大和ハウス、違反物件数が合計3975棟
大和ハウス工業は昨日の記者会見にて、国内の賃貸アパートや戸建て住宅で建築基準法違反があった問題で、新たに1885棟で違反が見つかったと発表しました。
5月までに違反物件は20190棟と発表し速やかに対応をしていましたが、お粗末なことにデータの抽出漏れがあったということです。
新たに発覚したのは建物の基礎部分で国に届け出た方法と異なる設計や工事をしていた建物が対象となり、違反建築は合計で39都道府県の3975棟(約1万2千世帯)となりました。

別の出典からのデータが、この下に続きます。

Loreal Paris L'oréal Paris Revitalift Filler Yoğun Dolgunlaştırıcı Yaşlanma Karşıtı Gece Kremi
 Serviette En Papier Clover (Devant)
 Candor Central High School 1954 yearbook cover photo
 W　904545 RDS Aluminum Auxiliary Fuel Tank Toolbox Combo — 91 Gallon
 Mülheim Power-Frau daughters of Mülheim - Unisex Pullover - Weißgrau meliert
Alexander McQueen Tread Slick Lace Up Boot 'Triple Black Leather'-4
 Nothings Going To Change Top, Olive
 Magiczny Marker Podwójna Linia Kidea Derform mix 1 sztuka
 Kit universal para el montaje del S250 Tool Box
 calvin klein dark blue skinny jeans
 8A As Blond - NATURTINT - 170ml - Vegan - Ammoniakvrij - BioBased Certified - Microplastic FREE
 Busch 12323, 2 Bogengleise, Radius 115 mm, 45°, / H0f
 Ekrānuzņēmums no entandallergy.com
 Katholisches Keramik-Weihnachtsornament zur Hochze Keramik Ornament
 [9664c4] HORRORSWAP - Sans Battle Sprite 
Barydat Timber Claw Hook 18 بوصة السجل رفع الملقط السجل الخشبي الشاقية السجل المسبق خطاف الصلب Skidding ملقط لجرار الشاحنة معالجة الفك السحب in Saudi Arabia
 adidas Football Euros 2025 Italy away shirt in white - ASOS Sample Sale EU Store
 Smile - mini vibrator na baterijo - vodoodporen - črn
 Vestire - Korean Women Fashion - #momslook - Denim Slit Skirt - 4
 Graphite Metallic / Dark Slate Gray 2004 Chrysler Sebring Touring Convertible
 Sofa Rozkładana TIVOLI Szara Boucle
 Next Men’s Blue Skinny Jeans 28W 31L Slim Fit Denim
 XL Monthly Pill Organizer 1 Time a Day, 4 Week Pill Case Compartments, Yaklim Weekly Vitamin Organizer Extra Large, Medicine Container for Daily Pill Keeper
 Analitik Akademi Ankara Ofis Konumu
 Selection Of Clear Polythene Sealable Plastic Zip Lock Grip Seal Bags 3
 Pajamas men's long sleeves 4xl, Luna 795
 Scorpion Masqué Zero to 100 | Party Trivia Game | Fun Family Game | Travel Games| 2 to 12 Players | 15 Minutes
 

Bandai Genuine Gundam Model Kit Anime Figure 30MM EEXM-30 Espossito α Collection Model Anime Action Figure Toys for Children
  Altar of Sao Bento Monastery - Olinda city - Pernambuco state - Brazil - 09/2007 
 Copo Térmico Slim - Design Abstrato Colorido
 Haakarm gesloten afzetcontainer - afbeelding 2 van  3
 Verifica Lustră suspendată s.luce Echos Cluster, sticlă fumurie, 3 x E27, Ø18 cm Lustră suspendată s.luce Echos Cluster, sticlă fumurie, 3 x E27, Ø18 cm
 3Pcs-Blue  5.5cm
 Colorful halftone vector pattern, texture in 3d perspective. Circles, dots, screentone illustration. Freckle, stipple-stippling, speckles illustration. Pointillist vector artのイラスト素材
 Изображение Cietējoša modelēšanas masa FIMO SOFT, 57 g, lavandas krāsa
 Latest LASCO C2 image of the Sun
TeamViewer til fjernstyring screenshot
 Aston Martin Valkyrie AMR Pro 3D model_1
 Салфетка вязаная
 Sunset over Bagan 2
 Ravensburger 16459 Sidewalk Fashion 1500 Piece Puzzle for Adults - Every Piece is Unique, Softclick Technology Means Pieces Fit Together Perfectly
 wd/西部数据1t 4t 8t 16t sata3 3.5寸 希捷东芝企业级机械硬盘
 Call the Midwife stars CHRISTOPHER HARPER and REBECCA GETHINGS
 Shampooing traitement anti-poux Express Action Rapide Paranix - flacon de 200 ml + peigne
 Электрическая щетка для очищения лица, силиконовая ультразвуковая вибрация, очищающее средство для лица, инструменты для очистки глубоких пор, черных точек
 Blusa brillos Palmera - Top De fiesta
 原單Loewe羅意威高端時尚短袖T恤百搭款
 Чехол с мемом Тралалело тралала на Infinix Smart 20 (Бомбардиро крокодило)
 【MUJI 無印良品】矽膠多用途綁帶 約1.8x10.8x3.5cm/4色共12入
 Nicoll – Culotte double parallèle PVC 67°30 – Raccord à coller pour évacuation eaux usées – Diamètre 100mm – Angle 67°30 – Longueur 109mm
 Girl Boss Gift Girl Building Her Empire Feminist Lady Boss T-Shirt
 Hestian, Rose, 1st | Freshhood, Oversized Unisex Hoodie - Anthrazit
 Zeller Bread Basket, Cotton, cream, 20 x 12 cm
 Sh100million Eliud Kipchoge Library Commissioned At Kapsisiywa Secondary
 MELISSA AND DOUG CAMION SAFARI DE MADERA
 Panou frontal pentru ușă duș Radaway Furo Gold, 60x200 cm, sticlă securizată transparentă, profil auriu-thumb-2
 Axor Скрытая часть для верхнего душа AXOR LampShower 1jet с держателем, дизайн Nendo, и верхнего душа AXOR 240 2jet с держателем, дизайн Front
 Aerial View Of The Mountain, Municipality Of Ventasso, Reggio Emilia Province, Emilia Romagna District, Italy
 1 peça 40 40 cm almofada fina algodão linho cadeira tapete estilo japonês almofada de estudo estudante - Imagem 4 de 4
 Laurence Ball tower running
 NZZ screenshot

レオパレスほどの数ではないにしろ、東証一部上場企業による不祥事には変わりません。大和ハウスのような業界最大手でも杜撰な管理状況です。本当に安心な住宅はあるのか疑いたくなります。
アパートは620棟が不適合 うち愛知県が121棟
2019年4月12日に発表した際には、共同住宅(アパート)に限っては990 棟の対象でした。2001年3 月10日から2015年9月30日までの対象期間で再調査をしたところ、新たに620棟が判明したとなっています。
都道府県の内訳としては、公式ホームページに公表されていました。上位の数値を並べてみますと以下のようになります。※カッコ内は4月12日発表分です。
愛知県 | 121(530) |
富山県 | 51(121) |
兵庫県 | 45(24) |
青森県 | 36(15) |
新潟県 | 35(28) |
戸建てを含めて愛知県が907棟とダントツに多く全体の22%を占めています。当時の現場では何が起こっていたのでしょうか。
大和ハウスが建築した戸建住宅・賃貸共同住宅の物件数は、約 25 万棟とされていますが、建築棟数が多すぎるので2001年以前の建築物件を調査したほうが良いのではないかと思います。
今回の違法建築が増加したことに対しては弁解の余地がなく疑われても仕方がありません。
違法建築は経営層も知っていた内容か
前回の不祥事発表は内部通報による発覚です。
違反には約170人の設計者が関わっており、国の認定を得る前に誤って新しい設計、工事をしてしまったという事実から法令順守が機能していなかったということです。
今回の追加の理由が「お客様物件管理システム」より不適合の対象物件を抽出する際、データ抽出の設定方法に不備があり、対象物件に漏れていた物件があったとしています。
さすがに経営層は知っていたのではないかと思います。レオパレスも同じですが現場の判断でできるものではないかと思われます。
法令順守や品質保証を推進する社長直轄の部署を10月にも設置すると発表していますが、まずは後手に回ってきた企業統治を猛省すべき事態だと思います。
4度目の不適切施工の発覚
不祥事が相次ぐ背景にあるのが、急成長によるものだと考えられます。
不動産投資ではスルガ銀行やTATERUも同じく、業績を拡張するために過剰なノルマが背景に不正が横行した原因の一つだと思います。
同業者のレオパレスもしかりです。施工不良など安心安全が基本の住宅においてあってはいけないことだと思います。
大和ハウス工業は創業者の石橋信夫氏が「創業100周年に売上高10兆円の夢」 と宣言したことでも有名で体育会系の社風を持った会社です。
19年3月期に連結売上高が初めて4兆円を突破しています。これは10年前の2倍以上に拡大したことになります。
事業の最初であった住宅に加え、海外展開を含め規模急拡大に邁進し急成長をとげました。
もはや全体のコンプライアンスが追いつかないスピードで拡大していったと思われます。
そしての今回の住宅事業での不適切施工の発覚は14年以降で4度目になります。
社内風土が不祥事の遠因になった可能性について、芳井敬一社長は「それはないと断言できる」と説明しましたが、数字が全てを語っていると思います。